L’âge d’or du voyage, au Japon, coïncide exactement avec l’ère Meiji, de 1868 à 1912. L’ordre féodal qui régnait auparavant avait totalement isolé l’archipel du reste du monde pendant plus de 200 ans. Avec l’ouverture imposée d’abord par les Américains puis par la volonté de se moderniser, le Japon devient une destination moins isolée et même attrayante pour les globe-trotters. Le mot a d’ailleurs été inventé à Yokohama durant cette période ! L’essor de la chambre noire faisant le reste, le chercheur spécialiste Sebastian Dobson et l’iconographe Sabine Arqué ont rassemblé des photographies anciennes colorées à la main et des photochromes colorés qui dévoilent le Japon des années 1900.
Les auteurs invitent le lecteur à un voyage spatio-temporel à travers plus de 700 photographies d’époque avec des commentaires et explorant diverses thématiques caractéristiques comme le thé, les sushis, la soie ou le bouddhisme.

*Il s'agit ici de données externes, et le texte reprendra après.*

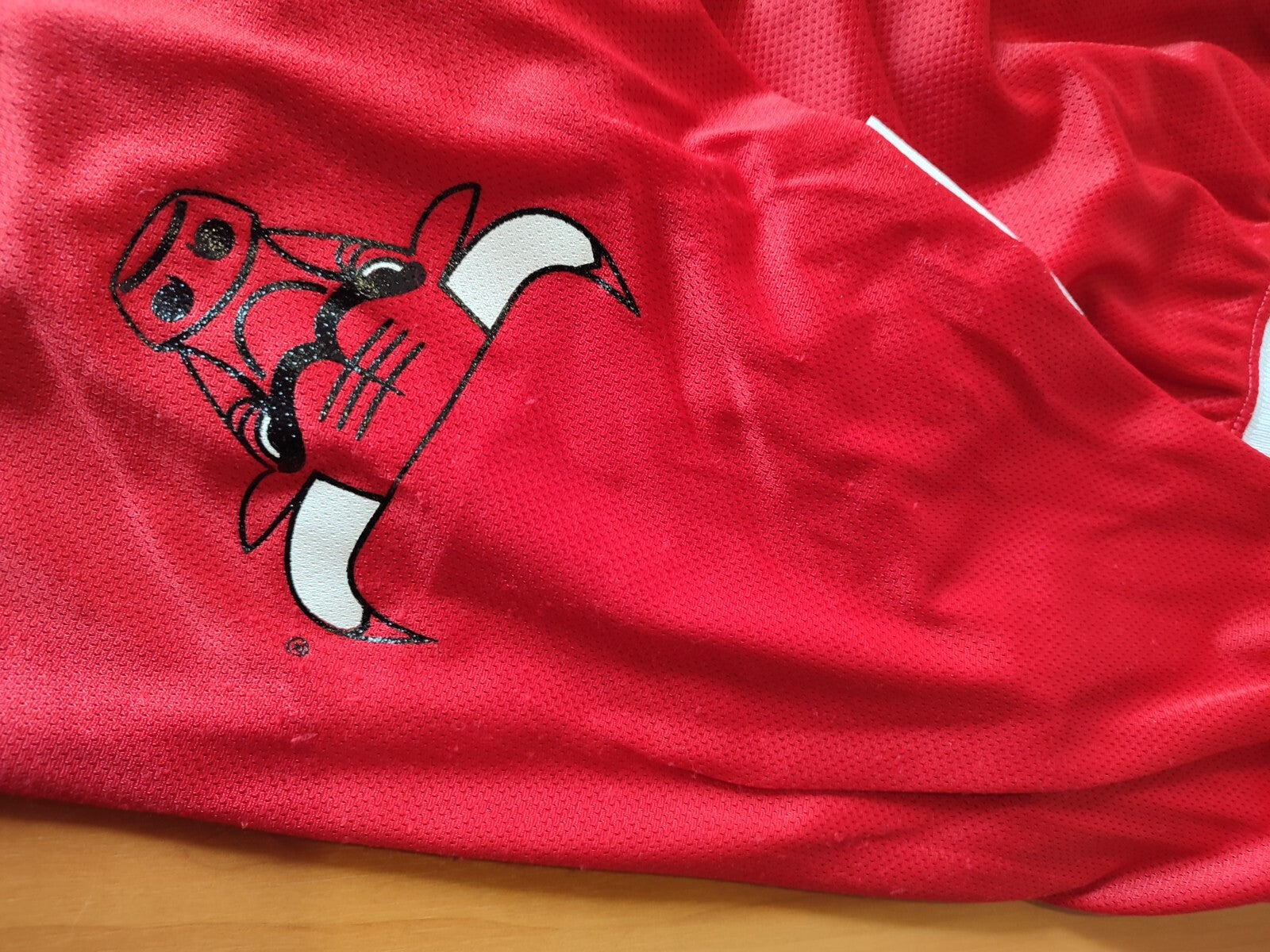 Chicago Bulls Sz XL (40-42") Basketball Champion shorts men's adult kit vintage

Le voyage se poursuit du sud au nord, de l’île de Kyushu avec l’enchanteresse Nagasaki aux régions sauvages et reculées des Aïnous d’Hokkaido. Des itinéraires à travers 5 régions pointent ainsi les merveilles à découvrir.
Les textes d’introduction de chaque partie se lisent avec plaisir tant ils expliquent finement l’état d’esprit de l’époque. Ils parfont l’immersion que procurent les photographies, parfois d’une précision picturale absolument artistique.

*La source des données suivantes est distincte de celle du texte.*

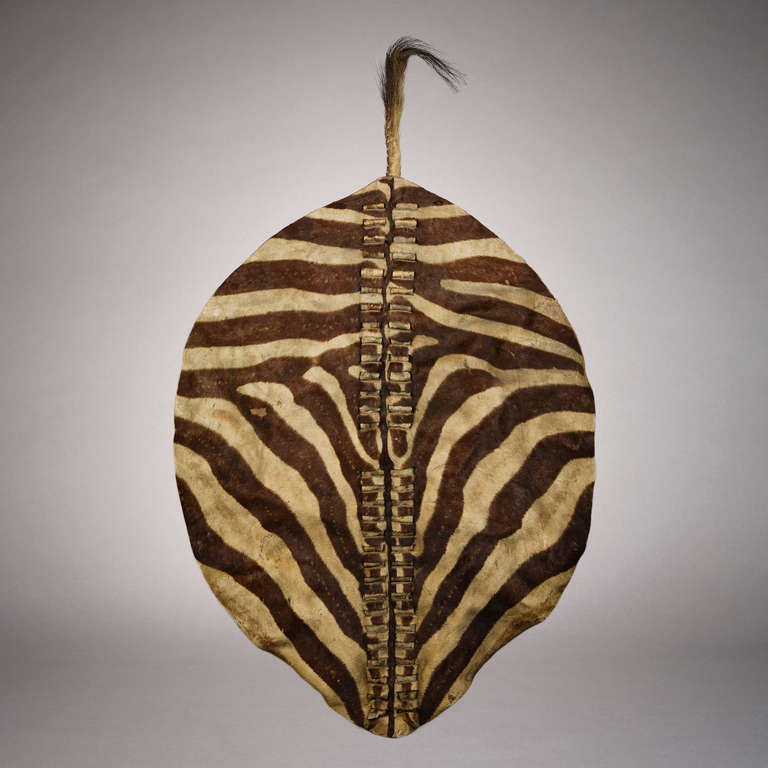A magnificent quagga hide shield. This spectacular shield is one of the rarest known African shields in existence. 

The quagga (Equus quagga quagga) is an extinct subspecies of the plains zebra that lived in South Africa. It was long thought to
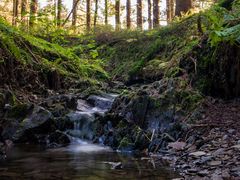 Der Harz am Morgen III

« Une vision idyllique du Japon encore à l’état de société traditionnelle, pré-industrielle.» résume Sebastian Dobson. À l’image même d’Edo devenue Tokyo, où coexistaient avec bonheur les rendez-vous saisonniers des cerisiers au printemps, des érables à l’automne qui « figuraient au calendrier tokyoïte comme dans l’almanach édoïte ».

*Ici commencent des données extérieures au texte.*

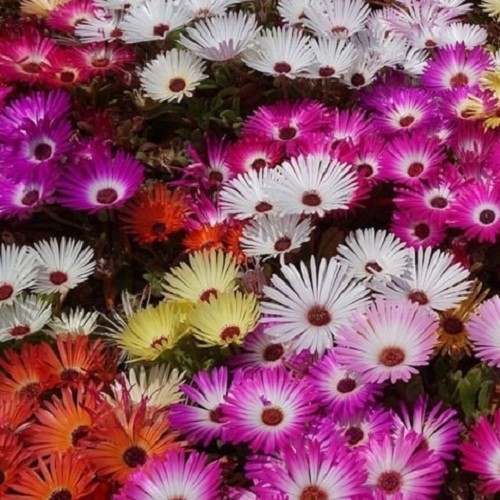 10,000+ Ice Plant Livingstone Daisy Flower Seeds Mixed Color Succulents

Un plaisir à la fois esthétique et érudit. Magnifique !
Et comme en prolongement, même si l’exposition de la Maison de la Culture du Japon se termine aujourd’hui, il reste le catalogue Tokyo Naissance d’une ville moderne, estampes des années 1920-1930 du Edo-Tokyo Museum. Les éditions Gourcuff Gradenico rendent compte donc des métamorphoses de Tokyo après le tremblement de terre de 1923, dans la région du Kantô qui détruisit 40 % de la ville. Ce ne sont plus les photographies mais les estampes shin hanga (estampes nouvelles) et sôsaku hanga (estampes créatives) qui en donnent toute l’ampleur et montre par là même l’évolution de la gravure sur bois. Urbanisation, occidentalisation et culture de la consommation accompagnent cette modernisation avec l’apparition des grands magasins, des cafés et autres lieux de divertissement. Une centaine de pièces totalement inconnues en France font de ce catalogue une rareté.
Camille DOUZELET et Pierrick SAUZON
Japan 1900 a portrait in color de Sébastien Dobson et Sabine Arqué, édition trilingue (anglais, allemand, français) 24 X 35 cm, 536 pages, 75€, Taschen 2025.
Tokyo Naissance d’une ville moderne, estampes des années 1920-1930 du Edo-Tokyo Museum, 176 pages, 28€. Ed. Gourcuff Gradenico.